(Task): Once the line containing "Photo - 72 Bennett" is found, please copy it and all lines after it through the end of the records, exactly, leaving out pictures.

(Material provided):
+++
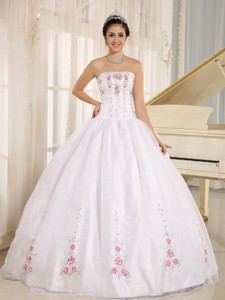 White Embroidery Quinceanera Dress For Custom Made In Kahului City Hawaii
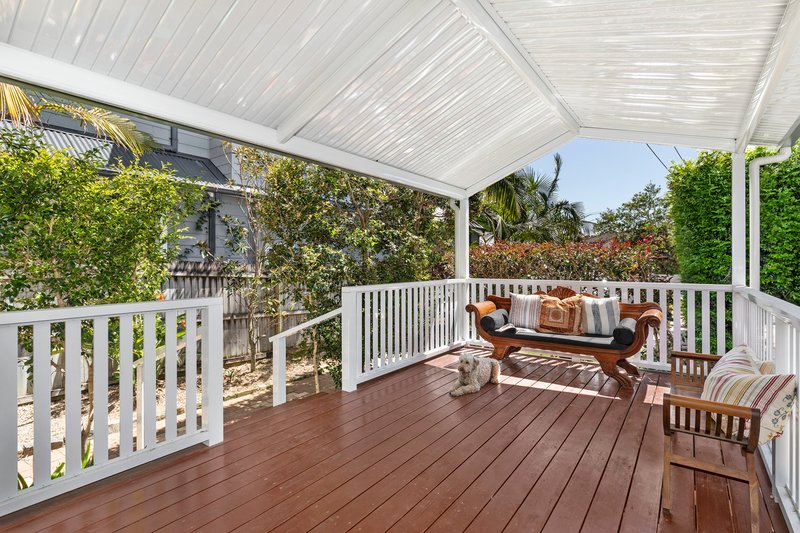 Photo - 72 Bennett Street, Curl Curl NSW 2096 - Image 3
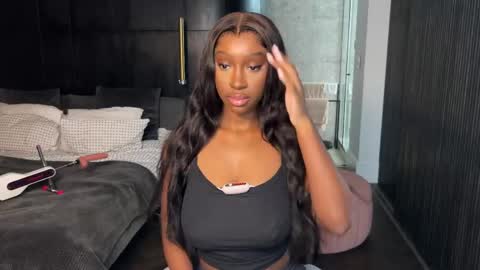 Snapshot of violet6xft chatting on 05.27.26 Fantasy Black Girl online show from 05.27.26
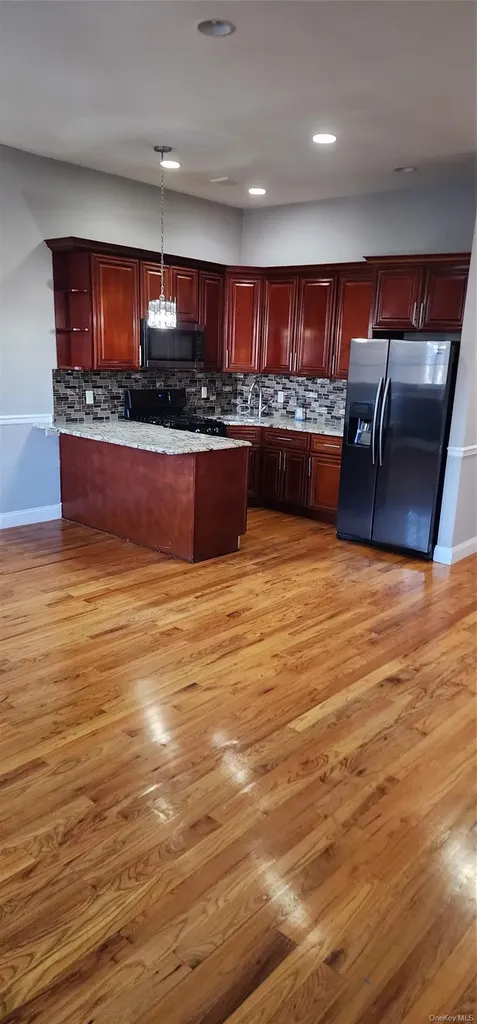 88 Hemlock Brooklyn NY 11208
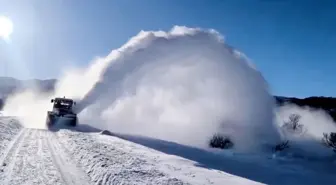 Tunceli'de Yoğun Kar Yağışı: 123 Köy Yolu Ulaşıma Kapandı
+++
(Answer below):
 Photo - 72 Bennett Street, Curl Curl NSW 2096 - Image 3
 Snapshot of violet6xft chatting on 05.27.26 Fantasy Black Girl online show from 05.27.26
 88 Hemlock Brooklyn NY 11208
 Tunceli'de Yoğun Kar Yağışı: 123 Köy Yolu Ulaşıma Kapandı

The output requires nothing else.